Norwegian defense contractor Kongsberg and Italian undersea specialist DRASS announced a strategic partnership on June 8, 2026 to jointly develop autonomous underwater vehicles and manned-unmanned teaming systems, positioning two of Europe's most capable undersea companies to compete directly for AUKUS Pillar II UUV procurement contracts that Australia, the United Kingdom, and the United States formalized less than two weeks earlier. The partnership, announced ahead of the opening of ILA Berlin 2026 — one of Europe's premier aerospace and defense exhibitions — pairs Kongsberg's HUGIN autonomous underwater vehicle platform and sonar technology with DRASS's compact submarines, swimmer delivery vehicles, and saturation diving systems, addressing a fundamental engineering bottleneck in how NATO navies deploy and control unmanned systems in contested waters.

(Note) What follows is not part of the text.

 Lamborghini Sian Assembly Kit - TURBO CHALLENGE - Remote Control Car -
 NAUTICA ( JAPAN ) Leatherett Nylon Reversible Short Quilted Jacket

The two companies are not filling the same gap — they are solving a problem that neither can address alone. NATO's undersea warfare planners have identified manned-unmanned teaming as a near-term priority, and the capability gap is well understood: autonomous underwater vehicles excel at persistent survey, seabed mapping, and mine countermeasures, but they cannot perform precision physical intervention tasks, and when operated from surface ships they must surface for data transfer and retasking — a vulnerability in waters where adversaries can track surface signatures. DRASS's compact submarines change that calculus.
HUGIN AUVs Plus Compact Submarines: Why Architecture Makes Sense Together
Kongsberg's HUGIN platform family, developed since 1991 in partnership with the Norwegian Defence Research Establishment and now at its HUGIN Superior iteration, is the most widely deployed defense AUV in NATO service. The HUGIN Superior carries a HISAS 1032 dual-receiver synthetic aperture sonar — a sensor system capable of producing centimeter-scale imagery of the seabed at operational depths reaching 6,000 meters — and runs on a 62.5 kWh pressure-tolerant lithium-polymer battery that sustains missions of up to 72 hours at 3 knots. Kongsberg also brings expertise in navigation systems, sonar technologies, and systems integration that has made the company a primary AUV supplier to more than a dozen NATO navies.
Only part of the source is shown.